Welche Perspektive geben Sie dem bestehenden Partnerschaftsvertrag?
Bürgermeister Böhm: Die Partnerschaft sollte im Sinne des Partnerschaftsvertrages
weitergeführt werden und gemeinsame aufgeschlossene Begegnungen, insbesondere
der Jugend, fördern.
Die regelmäßigen Treffen für
beide Gremien sind weiter zu intensivieren. Der direkte Kontakt zwischen den
Bürgerinnen und Bürgern sollte vertieft werden. Konkret würde ich mich freuen,
wenn zur Inbetriebnahme und Einweihung des neuen Feuerwehrlöschfahrzeuges Ende
nächsten Jahres wieder Bürgerinnen und Bürger und speziell Feuerwehraktive aus
der Ortschaft uns besuchen würden.
Auen-Kurier: Was
möchten Sie den Bürgern von Lützschena/Stahmeln für deren künftiges gesellschaftliches Engagement
mit auf den Weg geben?
Bürgermeister Böhm: Bürgerschaftliches Engagement ist die Keimzelle für ein gutes
Miteinander im Ort. Wichtige Entscheidungen Vorort können direkt beeinflusst
werden. Für die künftige Kommunalwahl in Lützschena-Stahmeln
würde ich mir wünschen, dass sich viele Bürger aus allen Schichten und
Altersstrukturen zur Wahl zur Verfügung stellen. Dieses Engagement Vorort für
die Heimat im eigenen Wirkungskreis verschafft Zufriedenheit und Anerkennung,
macht Freunde und fördert die persönliche Weiterentwicklung. Gerade junge
Menschen sollten diese Möglichkeit der direkten Einflussnahme wahrnehmen.
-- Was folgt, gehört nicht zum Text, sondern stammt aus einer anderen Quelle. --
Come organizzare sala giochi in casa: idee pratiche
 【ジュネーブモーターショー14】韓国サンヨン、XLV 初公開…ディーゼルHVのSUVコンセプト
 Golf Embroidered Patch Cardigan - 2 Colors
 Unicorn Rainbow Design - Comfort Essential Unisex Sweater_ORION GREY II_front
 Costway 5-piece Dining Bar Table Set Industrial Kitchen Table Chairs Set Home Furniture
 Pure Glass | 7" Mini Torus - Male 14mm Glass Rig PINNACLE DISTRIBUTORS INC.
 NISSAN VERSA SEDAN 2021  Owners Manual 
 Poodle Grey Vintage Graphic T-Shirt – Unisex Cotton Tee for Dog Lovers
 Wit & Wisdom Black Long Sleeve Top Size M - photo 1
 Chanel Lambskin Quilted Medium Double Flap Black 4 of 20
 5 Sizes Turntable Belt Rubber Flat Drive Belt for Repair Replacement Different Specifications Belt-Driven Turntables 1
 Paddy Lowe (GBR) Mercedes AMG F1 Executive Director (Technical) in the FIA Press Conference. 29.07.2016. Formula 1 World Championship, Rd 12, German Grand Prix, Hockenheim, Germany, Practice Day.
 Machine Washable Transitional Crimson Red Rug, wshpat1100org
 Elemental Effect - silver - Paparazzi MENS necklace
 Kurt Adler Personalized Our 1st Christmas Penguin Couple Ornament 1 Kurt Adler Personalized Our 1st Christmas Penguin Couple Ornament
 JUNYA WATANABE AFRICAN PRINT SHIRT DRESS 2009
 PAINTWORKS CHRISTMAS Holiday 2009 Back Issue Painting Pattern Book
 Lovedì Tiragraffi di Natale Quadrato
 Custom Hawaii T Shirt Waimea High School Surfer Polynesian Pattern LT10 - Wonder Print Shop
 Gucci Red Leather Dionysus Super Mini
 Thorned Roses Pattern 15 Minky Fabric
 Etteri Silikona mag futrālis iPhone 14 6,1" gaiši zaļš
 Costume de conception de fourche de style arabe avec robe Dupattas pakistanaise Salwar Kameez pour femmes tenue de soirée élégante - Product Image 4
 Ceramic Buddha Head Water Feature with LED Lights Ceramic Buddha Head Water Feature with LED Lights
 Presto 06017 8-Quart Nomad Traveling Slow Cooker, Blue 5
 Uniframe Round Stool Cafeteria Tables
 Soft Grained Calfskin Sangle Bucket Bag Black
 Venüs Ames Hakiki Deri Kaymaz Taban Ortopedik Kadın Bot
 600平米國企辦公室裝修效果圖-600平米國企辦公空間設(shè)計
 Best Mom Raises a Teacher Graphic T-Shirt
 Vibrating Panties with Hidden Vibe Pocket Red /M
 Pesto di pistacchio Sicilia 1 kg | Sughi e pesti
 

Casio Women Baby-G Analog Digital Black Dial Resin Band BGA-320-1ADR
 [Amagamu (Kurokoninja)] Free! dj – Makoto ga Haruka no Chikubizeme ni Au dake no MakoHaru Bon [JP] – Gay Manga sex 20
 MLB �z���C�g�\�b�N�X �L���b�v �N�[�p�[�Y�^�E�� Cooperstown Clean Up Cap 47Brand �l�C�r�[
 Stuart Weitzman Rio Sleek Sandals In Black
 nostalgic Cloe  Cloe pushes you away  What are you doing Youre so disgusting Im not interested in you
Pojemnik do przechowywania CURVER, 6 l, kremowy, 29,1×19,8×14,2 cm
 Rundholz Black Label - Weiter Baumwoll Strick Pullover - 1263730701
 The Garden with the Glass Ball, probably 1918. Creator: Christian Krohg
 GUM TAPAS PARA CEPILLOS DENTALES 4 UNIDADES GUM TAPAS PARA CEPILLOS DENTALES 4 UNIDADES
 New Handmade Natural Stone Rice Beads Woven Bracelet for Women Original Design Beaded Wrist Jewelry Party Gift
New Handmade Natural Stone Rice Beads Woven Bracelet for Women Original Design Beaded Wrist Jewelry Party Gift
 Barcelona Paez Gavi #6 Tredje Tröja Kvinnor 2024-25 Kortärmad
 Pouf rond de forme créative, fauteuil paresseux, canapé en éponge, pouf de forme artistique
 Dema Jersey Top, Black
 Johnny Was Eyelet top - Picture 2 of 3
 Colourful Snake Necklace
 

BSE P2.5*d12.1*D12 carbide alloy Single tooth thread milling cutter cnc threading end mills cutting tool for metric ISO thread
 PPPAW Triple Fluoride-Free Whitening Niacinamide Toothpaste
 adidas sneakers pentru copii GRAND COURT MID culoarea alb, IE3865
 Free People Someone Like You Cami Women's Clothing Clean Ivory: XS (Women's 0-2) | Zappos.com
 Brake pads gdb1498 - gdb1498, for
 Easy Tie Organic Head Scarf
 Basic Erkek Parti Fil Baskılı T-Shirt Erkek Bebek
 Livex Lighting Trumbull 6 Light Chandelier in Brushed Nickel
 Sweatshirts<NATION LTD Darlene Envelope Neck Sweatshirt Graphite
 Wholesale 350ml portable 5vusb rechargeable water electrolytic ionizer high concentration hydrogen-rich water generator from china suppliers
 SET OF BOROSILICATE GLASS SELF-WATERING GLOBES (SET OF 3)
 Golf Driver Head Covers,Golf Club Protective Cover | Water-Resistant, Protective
Ich
hoffe, dass viele Bürgerinnen und Bürger in der kommenden sächsischen
Kommunalwahl wählen gehen. Nur gemeinsam können wir die Zukunft gestalten. Die
Wahlbeteiligung in Hurlach lag bei der diesjährigen
Kommunalwahl knapp bei 70 %, was uns nicht ganz zufrieden gestellt hat. Bei der
Bürgermeisterwahl 2002, in der ein neuer Bürgermeister gewaählt
wurde. Lag sie immerhin bei über 85 %.
Insgesamt haben wir in der
Gemeinde bei der kommunalen Selbstverwaltung gute Erfahrungen gemacht. Dies
spiegelt sich auch am Interesse für diese Arbeit bei den Bürgern wider. Zum Beispiel
haben sich in unserer Kommunalwahl im März dieses Jahres für die 12 besetzten
Gemeinderäte immerhin 44 Kandidaten zur Verfügung gestellt und das bei knapp
1700 Einwohnern. Auch junge Kandidaten waren dort erfolgreich. Für wichtig
halte ich auch den Hinweis, dass Parteipolitik in unserem Gemeinderat keine Rolle
spielt.
Auen-Kurier: Herr
Bürgermeister, vielen Dank für die Antworten auf unsere Fragen. Wir wünschen
Ihnen auch zukünftig für Ihr verantwortungsvolles Amt viel Kraft und das Beste.